5, 0.75, 1, 1.5, 2, 2.5, 3,
4, 6, 8, 12, 16, 24, 48, 72, and 96 hours postdose). For telaprevir concentration analysis, blood samples were drawn on day 1 and day 8, period 2 (sampling timepoints: predose, 0.5, 1, 2, 2.5, 3, 4, 6, and 8 hours post-morning dose). The effect of telaprevir on tacrolimus PK was studied at steady-state telaprevir. During period 1, volunteers were admitted to the CRU on day −1 and discharged on day 3. On day 1, a single 2-mg oral dose of tacrolimus (4 capsules Prograf, 0.5 mg) was administered 2.5 hours after the start of the standard, medium-fat breakfast. There was a minimum washout of 14 days between day 1, period 1 and day 1, period 2. During period 2, volunteers were admitted
to the CRU on day 7 and PF-562271 mw discharged on day 11. From days 1 to 13 of period 2, telaprevir 750 mg q8h was administered 0.5 hours after the start of a meal or snack. On day 8, a single 0.5-mg oral dose of tacrolimus (1 capsule Prograf, selleck screening library 0.5 mg) was administered 2.5 hours after the start of a standard, medium-fat breakfast (i.e., 2 hours post-telaprevir dose). Volunteers returned for a follow-up visit on day 23 (±3 days). Approximately 4 mL of blood was drawn by way of direct venipuncture or indwelling catheter at each timepoint and processed for analyzing whole blood tacrolimus concentrations and plasma telaprevir concentrations. When tacrolimus was administered alone, blood samples were collected for tacrolimus analysis on day 1, period 1 (sampling timepoints: predose, 0.5, 0.75, 1, 1.5, 2, 2.5, 3, 4, 6, 8, 12, 16, ID-8 24, 48, 72, 96, and
120 hours postdose).
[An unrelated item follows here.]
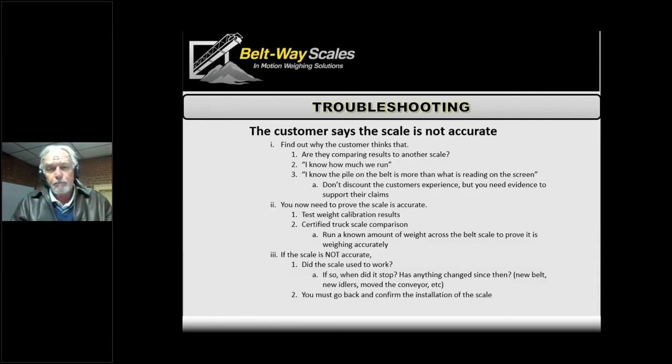With an older scale, start by asking: it used to work — so what has changed from when it was working to now? A lot of times you'll find out they did some maintenance on the conveyor — maybe they changed out the belt, put in new idlers, or did something else that affected the accuracy or calibration. All it would need is a simple recalibration to get back on track. You've got to put on your Sherlock Holmes hat and start asking questions.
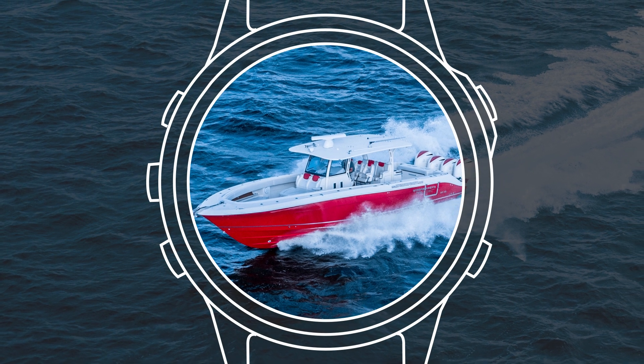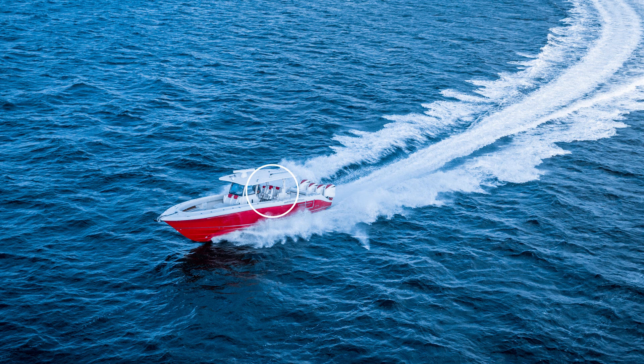Wireless connectivity with your Garmin Marine-compatible smartwatch can give you a whole new level of freedom and control. Smart Mariners and smartwatches. Visit Garmin.com to learn more.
When tacrolimus was coadministered with telaprevir, blood samples were collected for tacrolimus analysis on day 8, period 2 (sampling timepoints: predose, 0.5, 0.75, 1, 1.5, 2, 2.5, 3, 4, 6, 8, 12, 16, 24, 48, 72, 96, 120, and 144 hours postdose). Similarly, for telaprevir concentration analysis, blood samples were drawn on day 8, period 2 (sampling timepoints: predose, 0.5, 1, 2, 2.5, 3, 4, 6, and 8 hours post-morning dose). Whole blood concentrations of both cyclosporine and tacrolimus and plasma telaprevir concentrations were analyzed using validated assay methods. Briefly, cyclosporine, telaprevir, and their internal standards were extracted from samples using liquid/liquid extraction. Tacrolimus and its internal standard were extracted from samples using protein precipitation followed by solid-phase extraction. After evaporation under nitrogen, the residue of each analyte was reconstituted and analyzed using liquid chromatography followed by tandem mass spectrometry with selected ion monitoring in the positive ion mode. Calibration curves for each analyte was generated using weighted (1/x2) linear least-squares regression. The lower limit of quantitation for the cyclosporine assay in whole blood was 0.